Task objective:
Set out the listing word for word. End with the line that contains "Menu photo 1 Tasty Pot Daly City, CA Menu".

═════ Provided records

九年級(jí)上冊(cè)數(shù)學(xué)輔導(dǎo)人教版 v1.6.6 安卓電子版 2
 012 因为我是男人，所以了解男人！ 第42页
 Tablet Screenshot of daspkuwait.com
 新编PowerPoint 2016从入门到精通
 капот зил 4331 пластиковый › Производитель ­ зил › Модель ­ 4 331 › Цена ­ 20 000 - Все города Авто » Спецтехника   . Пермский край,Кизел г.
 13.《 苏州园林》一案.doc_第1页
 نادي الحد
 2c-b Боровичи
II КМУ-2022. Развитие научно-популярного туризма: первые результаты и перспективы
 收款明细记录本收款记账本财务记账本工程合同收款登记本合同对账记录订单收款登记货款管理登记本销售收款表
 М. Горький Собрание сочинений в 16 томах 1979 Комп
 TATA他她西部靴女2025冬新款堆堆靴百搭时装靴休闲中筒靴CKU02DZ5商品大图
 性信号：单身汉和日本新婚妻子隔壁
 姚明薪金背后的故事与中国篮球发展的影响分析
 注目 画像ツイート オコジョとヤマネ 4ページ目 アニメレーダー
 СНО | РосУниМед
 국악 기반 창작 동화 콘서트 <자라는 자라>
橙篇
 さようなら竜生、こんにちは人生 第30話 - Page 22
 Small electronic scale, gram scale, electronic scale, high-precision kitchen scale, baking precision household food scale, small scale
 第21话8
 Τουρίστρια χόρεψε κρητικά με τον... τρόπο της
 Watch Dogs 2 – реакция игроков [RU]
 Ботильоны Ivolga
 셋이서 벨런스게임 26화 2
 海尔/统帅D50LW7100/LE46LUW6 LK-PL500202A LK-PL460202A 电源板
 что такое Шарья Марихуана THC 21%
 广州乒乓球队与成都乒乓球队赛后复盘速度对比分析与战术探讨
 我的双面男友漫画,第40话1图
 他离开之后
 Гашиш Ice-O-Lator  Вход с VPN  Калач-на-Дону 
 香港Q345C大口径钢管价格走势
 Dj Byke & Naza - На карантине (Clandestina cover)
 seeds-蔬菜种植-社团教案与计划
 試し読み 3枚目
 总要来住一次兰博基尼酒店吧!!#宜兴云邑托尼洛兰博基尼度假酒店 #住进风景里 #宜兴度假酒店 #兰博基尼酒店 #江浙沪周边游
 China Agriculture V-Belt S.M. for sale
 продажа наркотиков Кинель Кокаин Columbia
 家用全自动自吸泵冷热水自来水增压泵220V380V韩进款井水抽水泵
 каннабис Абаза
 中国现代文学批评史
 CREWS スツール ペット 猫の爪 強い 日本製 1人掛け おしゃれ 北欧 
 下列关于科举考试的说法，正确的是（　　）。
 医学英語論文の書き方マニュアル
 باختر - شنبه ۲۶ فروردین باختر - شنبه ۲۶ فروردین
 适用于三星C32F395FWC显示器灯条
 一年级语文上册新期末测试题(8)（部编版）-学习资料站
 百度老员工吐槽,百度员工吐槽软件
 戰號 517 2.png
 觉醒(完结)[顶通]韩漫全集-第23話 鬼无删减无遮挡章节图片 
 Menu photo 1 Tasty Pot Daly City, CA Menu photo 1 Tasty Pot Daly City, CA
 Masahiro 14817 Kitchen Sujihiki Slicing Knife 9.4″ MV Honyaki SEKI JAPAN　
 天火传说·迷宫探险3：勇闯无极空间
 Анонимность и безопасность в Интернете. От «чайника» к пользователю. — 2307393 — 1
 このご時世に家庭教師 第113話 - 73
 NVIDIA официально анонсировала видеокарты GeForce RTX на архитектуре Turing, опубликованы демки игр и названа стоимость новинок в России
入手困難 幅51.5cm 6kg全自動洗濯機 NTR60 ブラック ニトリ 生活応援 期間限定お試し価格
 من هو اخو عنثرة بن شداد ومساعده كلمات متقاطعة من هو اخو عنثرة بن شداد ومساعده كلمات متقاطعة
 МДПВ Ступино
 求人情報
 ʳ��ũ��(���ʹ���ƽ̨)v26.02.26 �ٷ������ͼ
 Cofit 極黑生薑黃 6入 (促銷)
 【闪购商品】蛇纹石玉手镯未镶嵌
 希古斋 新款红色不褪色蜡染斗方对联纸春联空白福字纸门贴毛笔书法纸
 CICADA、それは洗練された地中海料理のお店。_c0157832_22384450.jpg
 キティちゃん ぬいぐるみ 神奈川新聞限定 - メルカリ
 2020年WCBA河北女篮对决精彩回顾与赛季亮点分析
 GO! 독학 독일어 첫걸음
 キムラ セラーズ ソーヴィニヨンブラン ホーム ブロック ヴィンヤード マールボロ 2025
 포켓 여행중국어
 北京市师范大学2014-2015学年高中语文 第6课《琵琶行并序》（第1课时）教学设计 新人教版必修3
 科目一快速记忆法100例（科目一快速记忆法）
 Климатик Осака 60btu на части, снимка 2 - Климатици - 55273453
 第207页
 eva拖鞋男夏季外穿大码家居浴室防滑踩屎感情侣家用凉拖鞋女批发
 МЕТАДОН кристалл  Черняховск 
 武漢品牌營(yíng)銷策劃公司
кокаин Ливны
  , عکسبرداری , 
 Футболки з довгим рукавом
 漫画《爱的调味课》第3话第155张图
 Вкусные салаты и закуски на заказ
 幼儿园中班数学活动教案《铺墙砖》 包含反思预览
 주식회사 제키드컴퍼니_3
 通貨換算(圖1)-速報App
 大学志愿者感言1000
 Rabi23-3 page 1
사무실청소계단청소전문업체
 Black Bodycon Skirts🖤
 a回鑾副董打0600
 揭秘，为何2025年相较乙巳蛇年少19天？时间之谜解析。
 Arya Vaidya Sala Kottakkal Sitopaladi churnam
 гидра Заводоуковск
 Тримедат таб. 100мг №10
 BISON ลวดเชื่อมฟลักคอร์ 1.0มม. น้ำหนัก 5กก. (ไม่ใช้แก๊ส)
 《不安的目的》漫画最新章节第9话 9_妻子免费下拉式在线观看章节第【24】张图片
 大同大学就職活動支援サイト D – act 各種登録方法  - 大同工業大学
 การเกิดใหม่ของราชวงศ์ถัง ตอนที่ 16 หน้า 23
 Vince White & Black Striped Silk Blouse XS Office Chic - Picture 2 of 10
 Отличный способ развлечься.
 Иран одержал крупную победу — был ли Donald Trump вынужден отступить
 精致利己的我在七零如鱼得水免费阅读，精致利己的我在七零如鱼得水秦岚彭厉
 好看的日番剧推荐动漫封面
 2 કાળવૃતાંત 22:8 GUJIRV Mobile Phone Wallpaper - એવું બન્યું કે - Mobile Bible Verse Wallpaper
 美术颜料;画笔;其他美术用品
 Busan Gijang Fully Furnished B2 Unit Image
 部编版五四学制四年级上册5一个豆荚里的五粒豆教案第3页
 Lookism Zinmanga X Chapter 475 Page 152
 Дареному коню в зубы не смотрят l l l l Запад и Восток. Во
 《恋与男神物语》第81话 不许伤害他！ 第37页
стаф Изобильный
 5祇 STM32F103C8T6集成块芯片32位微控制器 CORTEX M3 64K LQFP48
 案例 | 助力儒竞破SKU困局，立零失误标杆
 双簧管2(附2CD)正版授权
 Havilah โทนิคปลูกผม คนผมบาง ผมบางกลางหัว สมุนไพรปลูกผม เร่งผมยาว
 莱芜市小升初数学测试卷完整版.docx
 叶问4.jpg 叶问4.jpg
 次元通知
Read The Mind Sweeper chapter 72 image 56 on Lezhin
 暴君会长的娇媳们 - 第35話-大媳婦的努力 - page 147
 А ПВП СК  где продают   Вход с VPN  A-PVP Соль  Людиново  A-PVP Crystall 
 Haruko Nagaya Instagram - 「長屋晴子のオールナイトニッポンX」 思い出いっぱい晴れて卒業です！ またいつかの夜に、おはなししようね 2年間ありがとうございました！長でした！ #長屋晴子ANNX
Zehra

══════════

Solution for this exercise:
九年級(jí)上冊(cè)數(shù)學(xué)輔導(dǎo)人教版 v1.6.6 安卓電子版 2
 012 因为我是男人，所以了解男人！ 第42页
 Tablet Screenshot of daspkuwait.com
 新编PowerPoint 2016从入门到精通
 капот зил 4331 пластиковый › Производитель ­ зил › Модель ­ 4 331 › Цена ­ 20 000 - Все города Авто » Спецтехника   . Пермский край,Кизел г.
 13.《 苏州园林》一案.doc_第1页
 نادي الحد
 2c-b Боровичи
II КМУ-2022. Развитие научно-популярного туризма: первые результаты и перспективы
 收款明细记录本收款记账本财务记账本工程合同收款登记本合同对账记录订单收款登记货款管理登记本销售收款表
 М. Горький Собрание сочинений в 16 томах 1979 Комп
 TATA他她西部靴女2025冬新款堆堆靴百搭时装靴休闲中筒靴CKU02DZ5商品大图
 性信号：单身汉和日本新婚妻子隔壁
 姚明薪金背后的故事与中国篮球发展的影响分析
 注目 画像ツイート オコジョとヤマネ 4ページ目 アニメレーダー
 СНО | РосУниМед
 국악 기반 창작 동화 콘서트 <자라는 자라>
橙篇
 さようなら竜生、こんにちは人生 第30話 - Page 22
 Small electronic scale, gram scale, electronic scale, high-precision kitchen scale, baking precision household food scale, small scale
 第21话8
 Τουρίστρια χόρεψε κρητικά με τον... τρόπο της
 Watch Dogs 2 – реакция игроков [RU]
 Ботильоны Ivolga
 셋이서 벨런스게임 26화 2
 海尔/统帅D50LW7100/LE46LUW6 LK-PL500202A LK-PL460202A 电源板
 что такое Шарья Марихуана THC 21%
 广州乒乓球队与成都乒乓球队赛后复盘速度对比分析与战术探讨
 我的双面男友漫画,第40话1图
 他离开之后
 Гашиш Ice-O-Lator  Вход с VPN  Калач-на-Дону 
 香港Q345C大口径钢管价格走势
 Dj Byke & Naza - На карантине (Clandestina cover)
 seeds-蔬菜种植-社团教案与计划
 試し読み 3枚目
 总要来住一次兰博基尼酒店吧!!#宜兴云邑托尼洛兰博基尼度假酒店 #住进风景里 #宜兴度假酒店 #兰博基尼酒店 #江浙沪周边游
 China Agriculture V-Belt S.M. for sale
 продажа наркотиков Кинель Кокаин Columbia
 家用全自动自吸泵冷热水自来水增压泵220V380V韩进款井水抽水泵
 каннабис Абаза
 中国现代文学批评史
 CREWS スツール ペット 猫の爪 強い 日本製 1人掛け おしゃれ 北欧 
 下列关于科举考试的说法，正确的是（　　）。
 医学英語論文の書き方マニュアル
 باختر - شنبه ۲۶ فروردین باختر - شنبه ۲۶ فروردین
 适用于三星C32F395FWC显示器灯条
 一年级语文上册新期末测试题(8)（部编版）-学习资料站
 百度老员工吐槽,百度员工吐槽软件
 戰號 517 2.png
 觉醒(完结)[顶通]韩漫全集-第23話 鬼无删减无遮挡章节图片 
 Menu photo 1 Tasty Pot Daly City, CA Menu photo 1 Tasty Pot Daly City, CA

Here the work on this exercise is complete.